Chapter 2 Introduction to R language
Since this book includes a lot of R code examples, this chapter will describe some basics for those, who is not familiar with R. For purposes of understanding R code in this book you don’t need any deep knowledge of R. In case you want to learn more, there are a lot of good books on it. I will list only few of them:
2.1 Instalation
2.1.1 R instalation
To download R, go to CRAN. Don’t try to pick a mirror that’s close to you, instead it is better to use the cloud mirror, https://cloud.r-project.org.
2.1.2 RStudio
RStudio is an integrated development environment, or IDE, for R programming. There are two possibilities for using it:
- type R code in the R console pane, and press enter to run it;
- type R code in the Code editor pane, and press Control/Command + Enter to run selected part. It is easier to correct and it is possible to save the result as a script.
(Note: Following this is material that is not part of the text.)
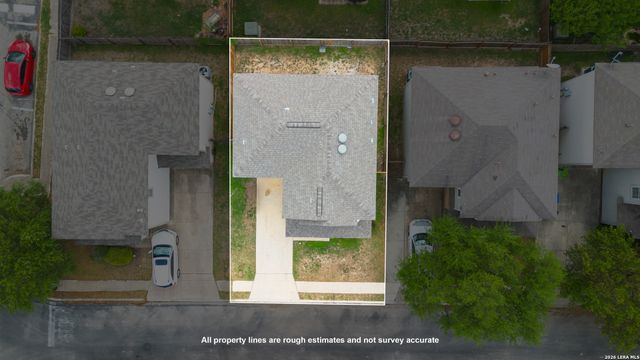 6 MOONDANCE HL, San Antonio, TX 78254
Figure 2.1: RStudio layout
When you first launch RStudio it is more likely, that you won’t see the Code Editor pane. It is possible to decrease R Console pane on icons in the pane’s right upper corner.
Everything from this book will be availible without RStudio instalation. There are a lot of possibilities to work with R not using RStudio such as R console, command line, Jupyter Notebook, some plugins for working in Sublime, Vim, Emacs, Atom, Notepad++ and other programming text editors.
2.1.3 RStuio cloud
It is also possible not to install anything on your own PC, using RStudio Cloud, a web-based interface for Rstudio and R. In RStudio Cloud it is also possible to share your R projects and collaborate with a select group in a private space. RStudio Cloud is currently free to use, but soon there will be free and paid options.
2.2 Basic elements, variables, vectors, dataframe
2.2.1 Basic elements
7
[1] 7
-5.7
[1] -5.7
"bonjour"
[1] "bonjour"
"bon mot"
[1] "bon mot"
TRUE
[1] TRUE
FALSE
[1] FALSE
2.2.2 Arithmetic operations
7+7
[1] 14
21-8
[1] 13
4*3
[1] 12
12/4
[1] 3
4^3
[1] 64
4**3
[1] 64
sum(1, 2,3, 4)
[1] 10
prod(1, 2,3, 4)
[1] 24
log(1)
[1] 0
log(100, base = 10)
[1] 2
pi
[1] 3.141593
exp(5)
[1] 148.4132
sin(13)
[1] 0.420167
cos(13)
[1] 0.9074468
2.2.3 Variables
my_var <- 7
my_var
[1] 7
my_var+7
[1] 14
my_var
[1] 7
my_var <- my_var + 7
2.2.4 Vectors
5:9
[1] 5 6 7 8 9
11:4
[1] 11 10 9 8 7 6 5 4
numbers <- c(7, 9.9, 24)
multiple_strings <- c("the", "quick", "brown", "fox", "jumps", "over", "the", "lazy", "dog")
one_string <- c("the quick brown fox jumps over the lazy dog")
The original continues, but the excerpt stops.